# [ASSIGNMENT]
Once the pictures are removed, return each record below exactly as written.

══ THE RECORDS

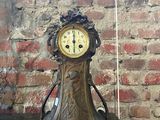 une horloge posée sur une table devant un mur de briques
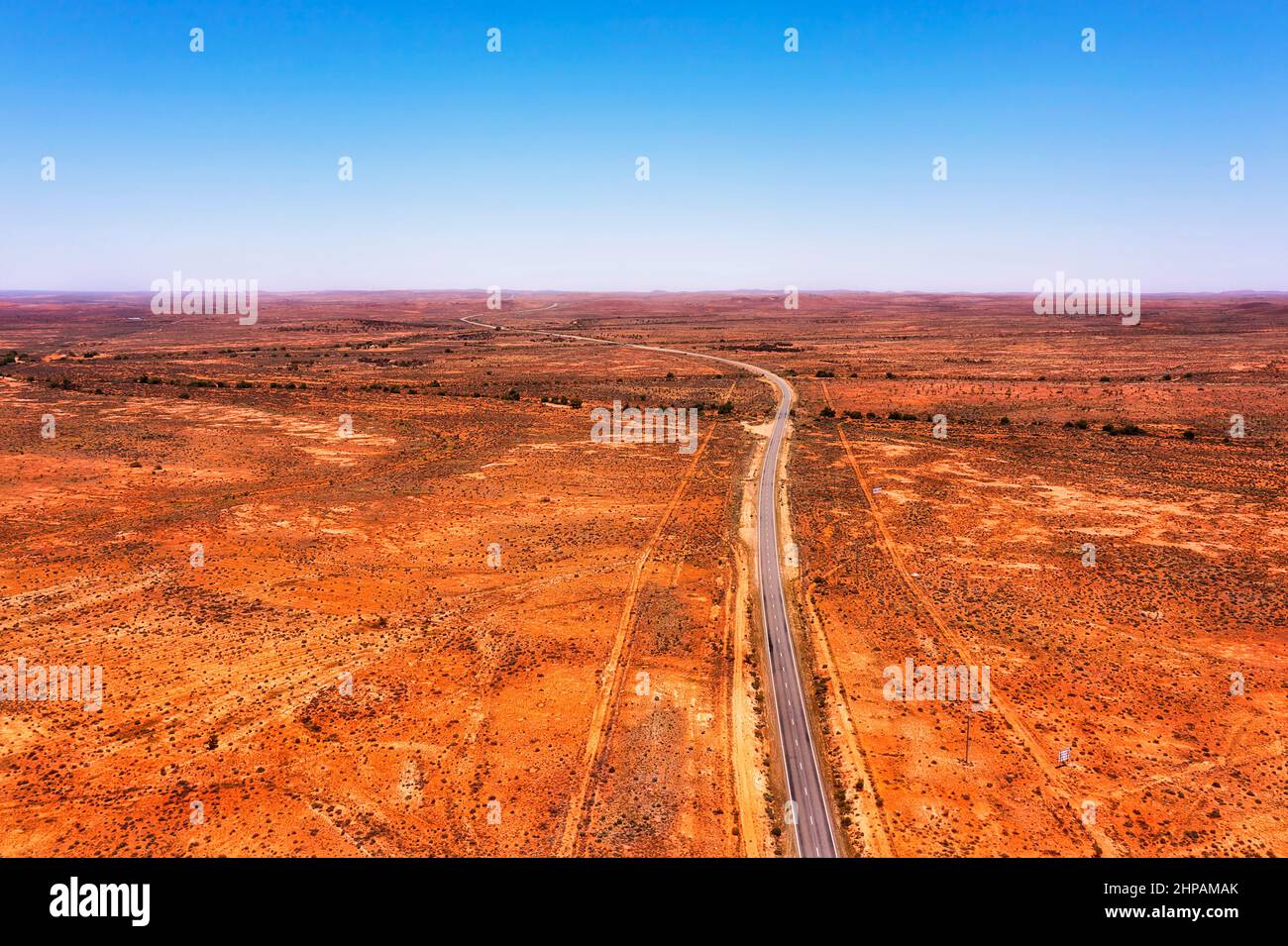Winding lonely Barrier highway in red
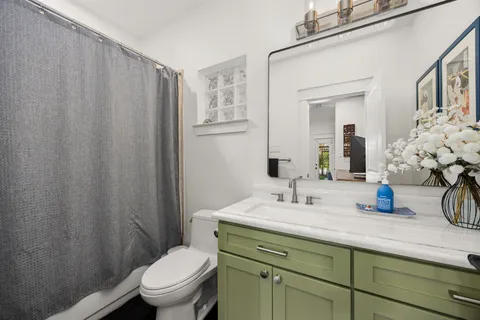a living room with fireplace furniture and a large window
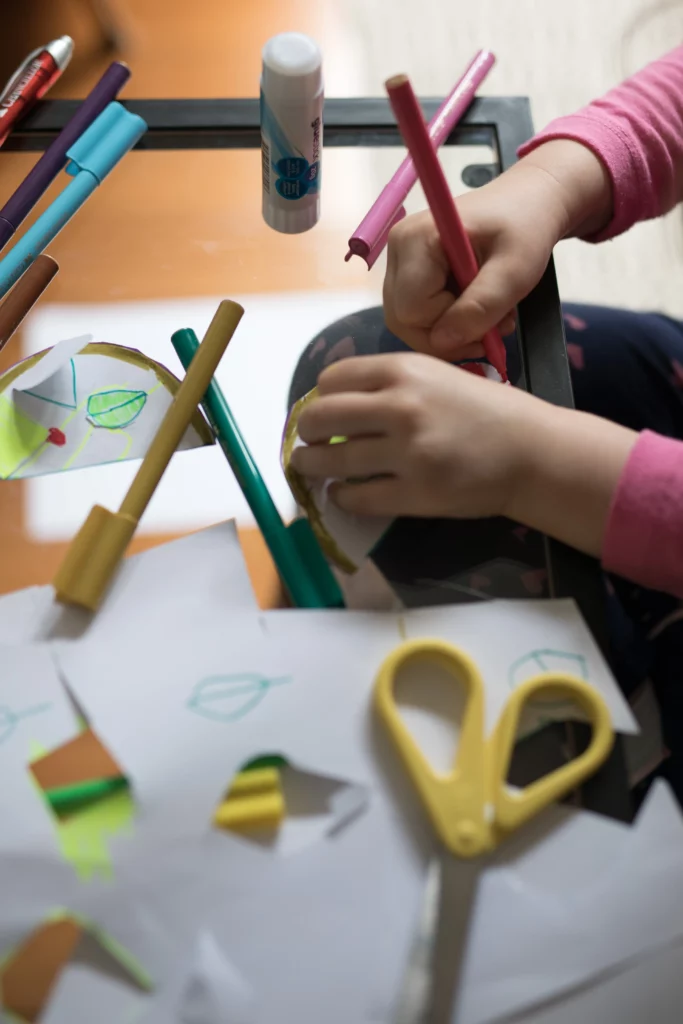 Child coloring cut-out paper shapes on glass table with markers, glue stick, and yellow scissors.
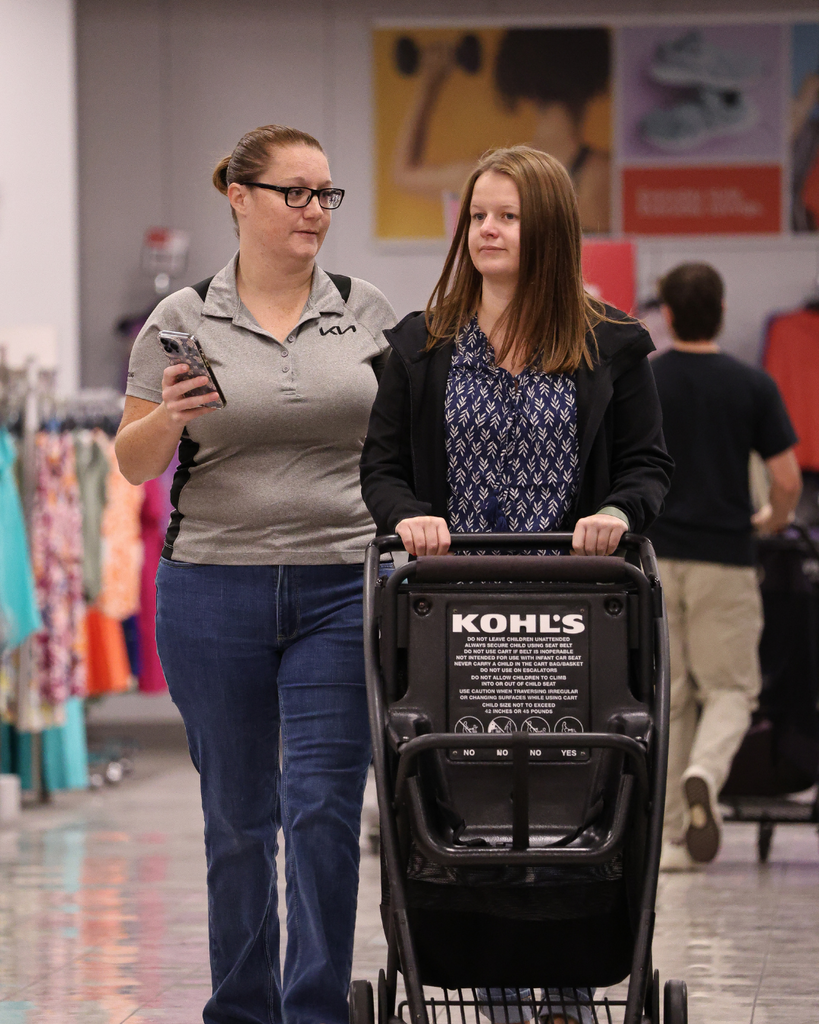 Two people pushing one Kohl's cart walking down the hall.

════

# [ANSWER TO THIS EXERCISE]
 une horloge posée sur une table devant un mur de briques
Winding lonely Barrier highway in red
a living room with fireplace furniture and a large window
 Child coloring cut-out paper shapes on glass table with markers, glue stick, and yellow scissors.
 Two people pushing one Kohl's cart walking down the hall.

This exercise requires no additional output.